▶ _Provided data_
____

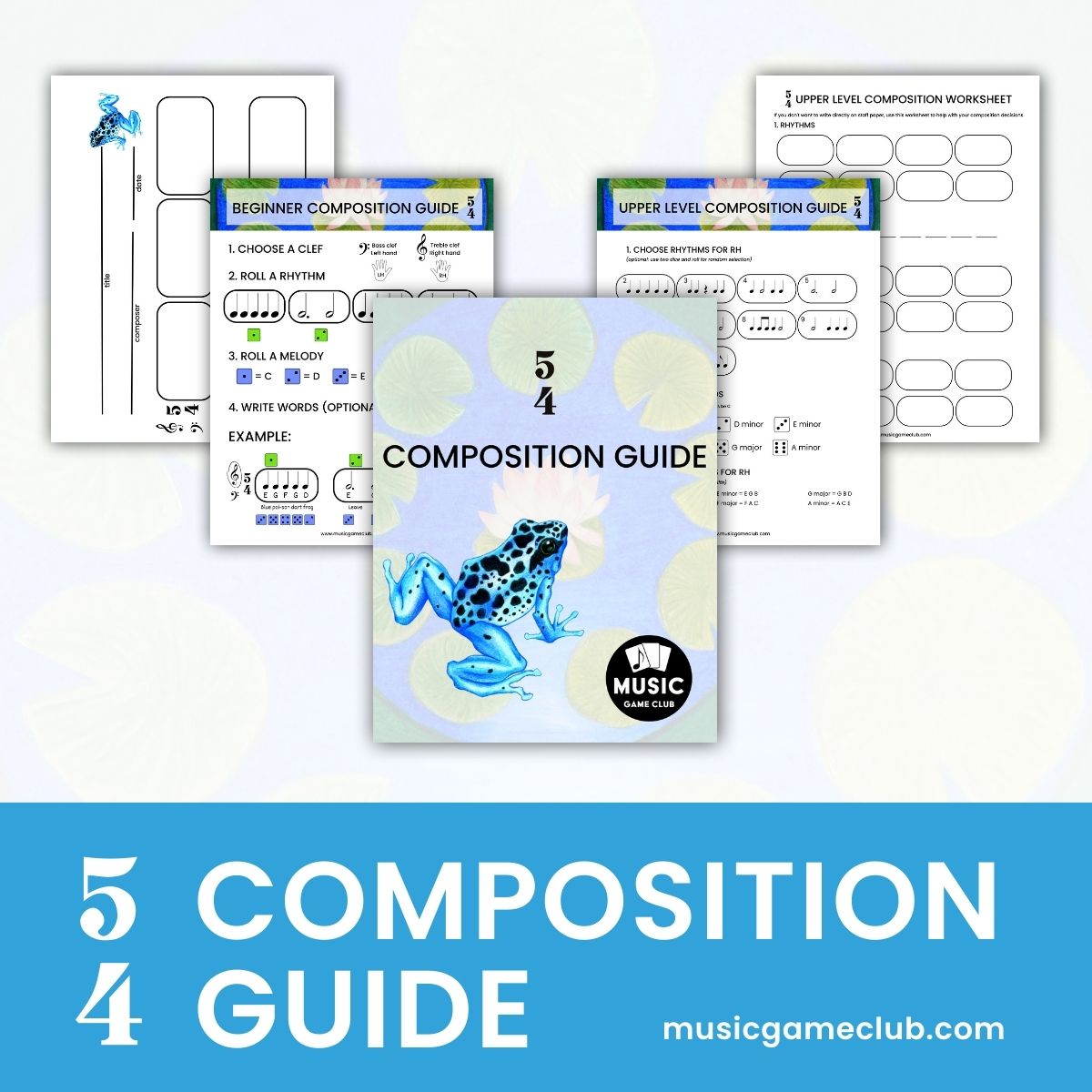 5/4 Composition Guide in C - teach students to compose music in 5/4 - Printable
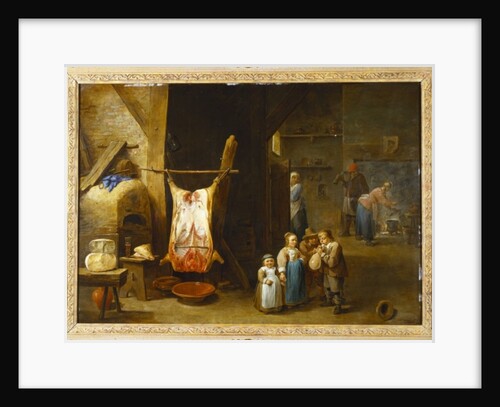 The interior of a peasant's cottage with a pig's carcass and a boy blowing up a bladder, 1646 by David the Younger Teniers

____

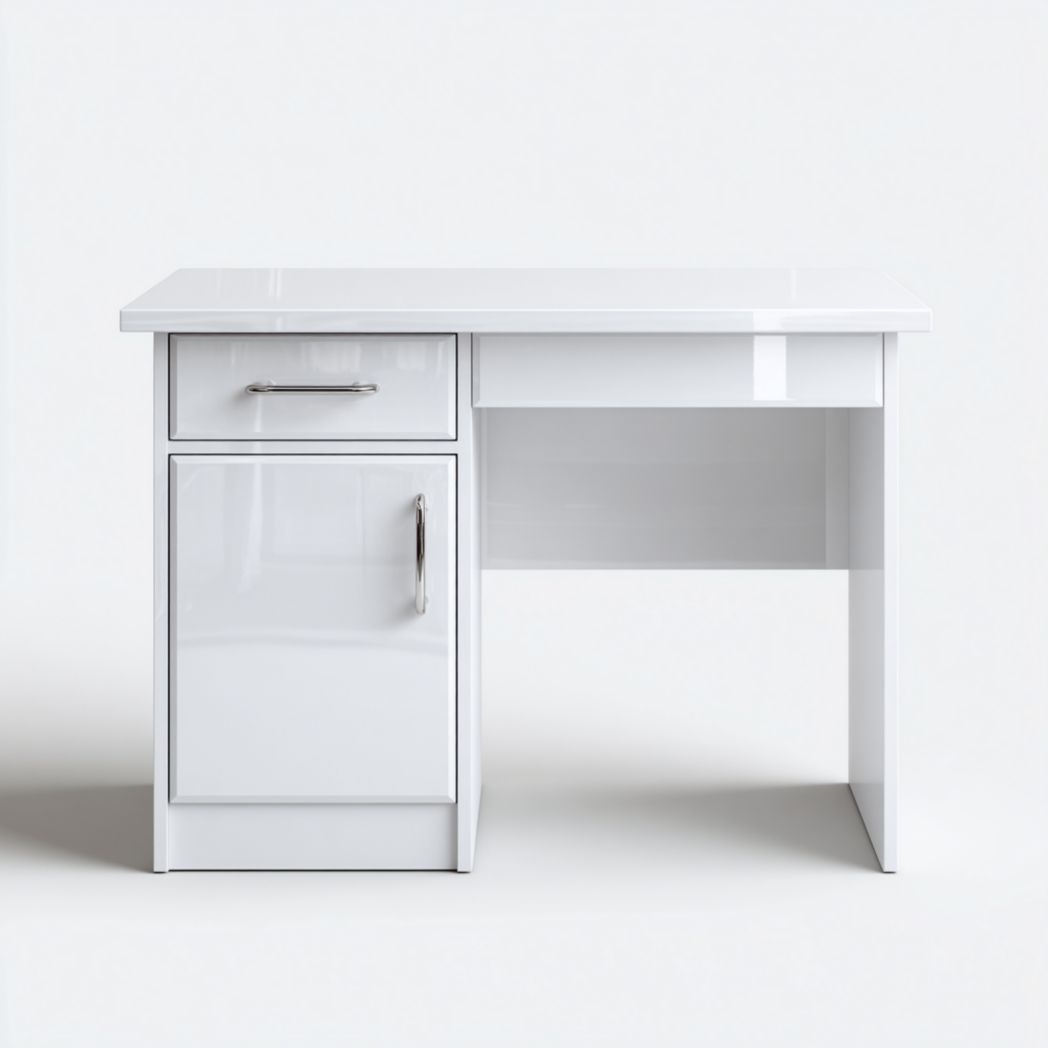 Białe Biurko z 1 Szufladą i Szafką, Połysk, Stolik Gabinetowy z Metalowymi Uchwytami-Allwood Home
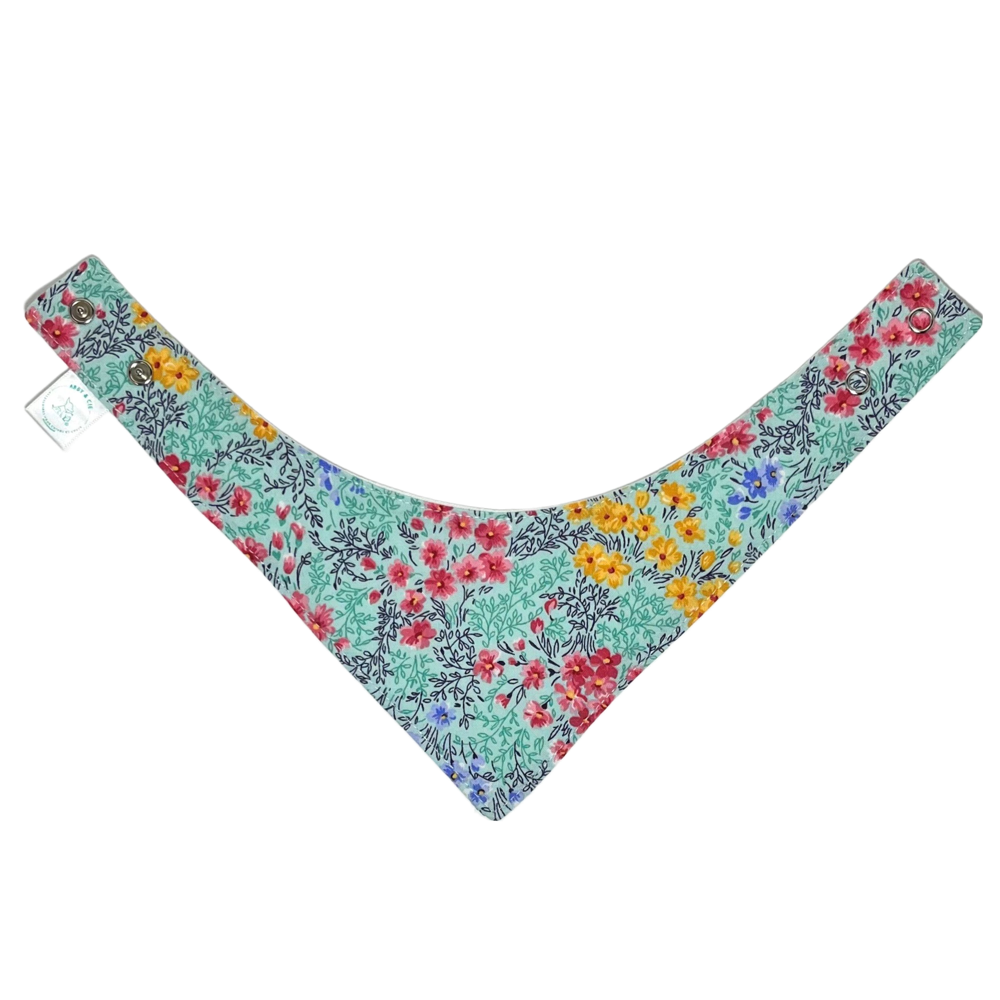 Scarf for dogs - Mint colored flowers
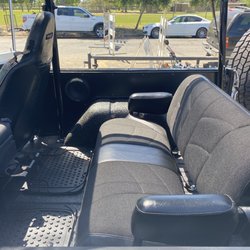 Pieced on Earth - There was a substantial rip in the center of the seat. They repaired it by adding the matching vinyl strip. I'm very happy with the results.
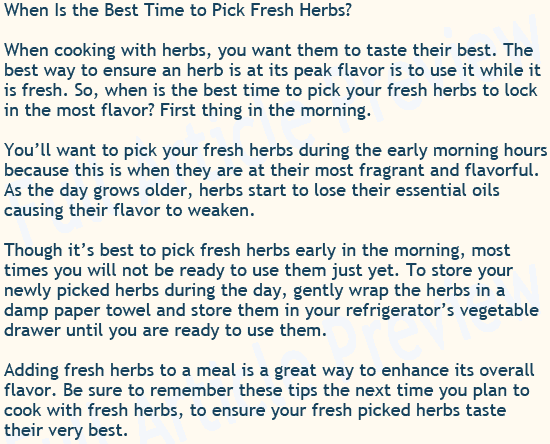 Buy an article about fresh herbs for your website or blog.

____

▶ _What the task asks_
Print from the line containing "5/4 Composition Guide" through the line containing "The interior of" in the data above, exactly as the lines stand, and omit every picture.

▶ _Output for this task_
 5/4 Composition Guide in C - teach students to compose music in 5/4 - Printable
 The interior of a peasant's cottage with a pig's carcass and a boy blowing up a bladder, 1646 by David the Younger Teniers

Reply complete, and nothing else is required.